O preço do petróleo nos EUA chegou ao nível mais alto em mais de três meses depois que a coalizão saudita informou ataques a instalações civis e energéticas pelos rebeldes houthis no Iémen. Esses ataques reduziram a oferta percebida de petróleo saudita, impulsionando os preços internacionais do Brent e do WTI. Ao mesmo tempo, os custos de combustível sobem, pressionando margens de companhias aéreas brasileiras, como Azul (AZUL4) e Gol (GOLL4). Para o investidor brasileiro, a valorização do petróleo tende a reforçar a balança comercial e a pressão inflacionária, afetando a política monetária do Banco Central.
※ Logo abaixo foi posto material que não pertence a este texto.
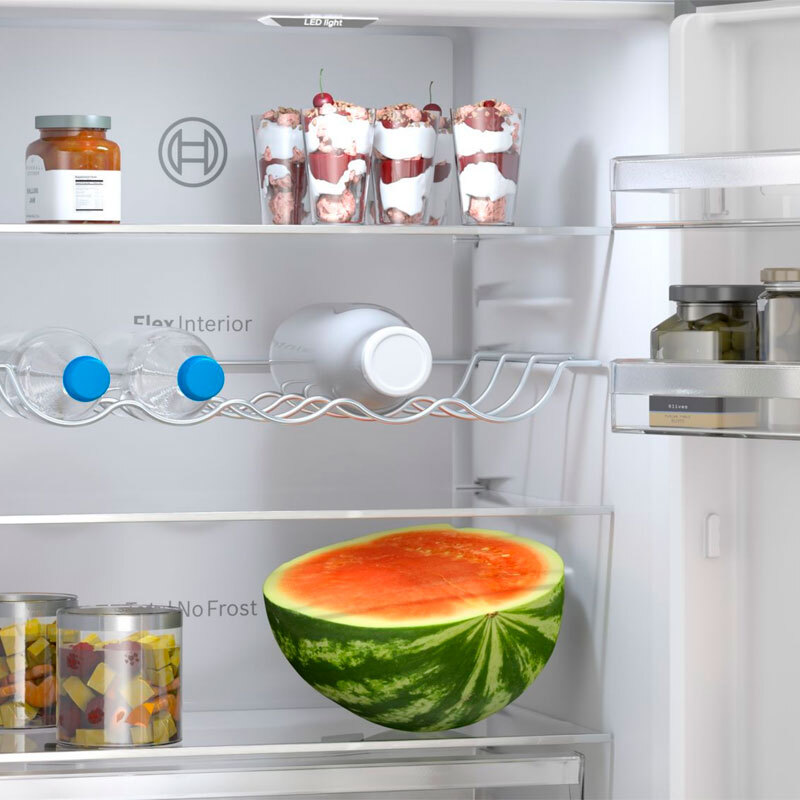 Frigorífico Combi Bosch KGN362ICF Acero (4)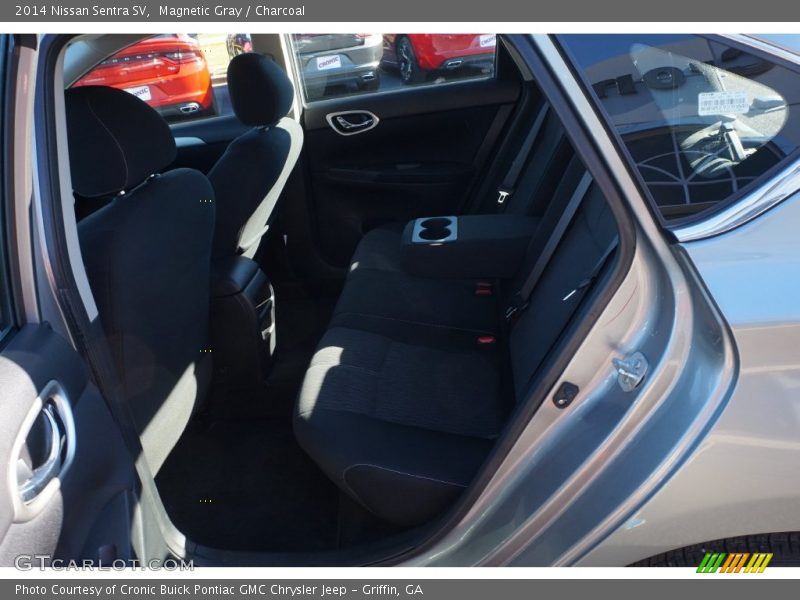 Magnetic Gray / Charcoal 2014 Nissan Sentra SV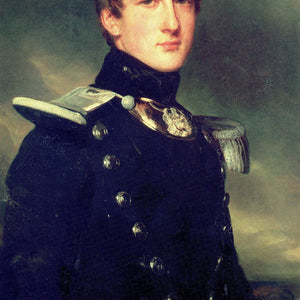 Henri Eugene Philippe Duc d'Aumale, Commander of the 17th Batallion of the Light Infantry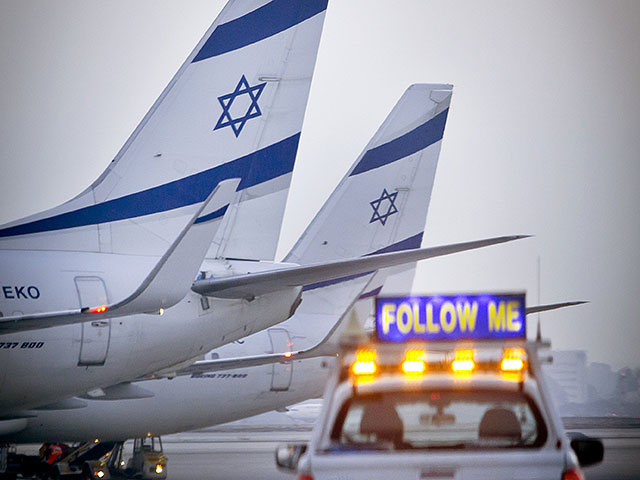 Авиакомпания "Эль-Аль" отменила регулярные рейсы до 11 апреля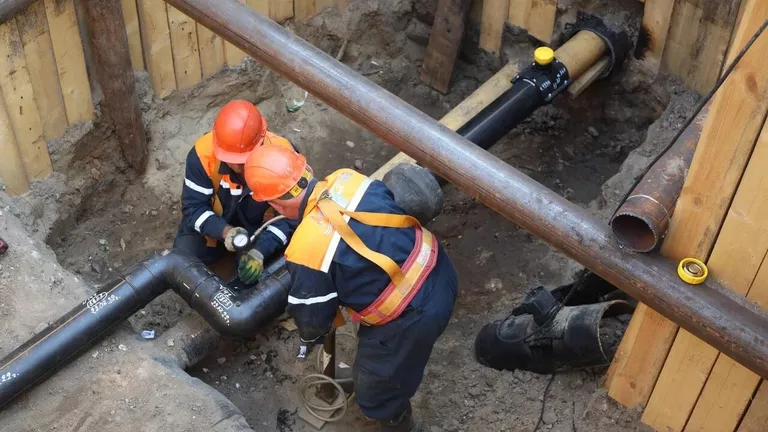 В Северном округе Москвы завершили реконструкцию участка газопровода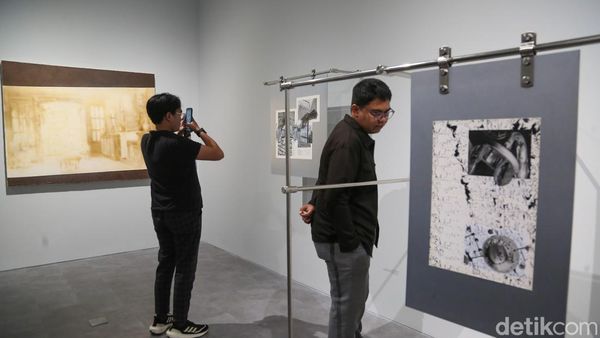 Lewat Lukisan hingga Instalasi, Enam Seniman Mancanegara Ceritakan Makna Rumah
Bancos e fundos de hedge já aumentaram posições longas em ETFs de energia, refletindo a expectativa de continuidade da volatilidade no Oriente Médio. O cenário remete ao bloqueio do estreito de Hormuz em 2022, quando o Brent registrou alta acentuada e ações de energia dispararam. O mercado deverá monitorar novos ataques nos próximos 2 a 4 semanas; se a pressão sobre a oferta persistir, os preços podem se manter elevados, sustentando alta das ações de energia.

Análise

Nos próximos 2‑4 semanas, se os ataques aos alvos sauditas persistirem, os preços do Brent e do WTI devem permanecer acima do patamar atual, sustentando alta de PETR4, XOM e CVX; se houver cessar‑fogo antes de três semanas, os preços podem recuar, pressionando esses papéis.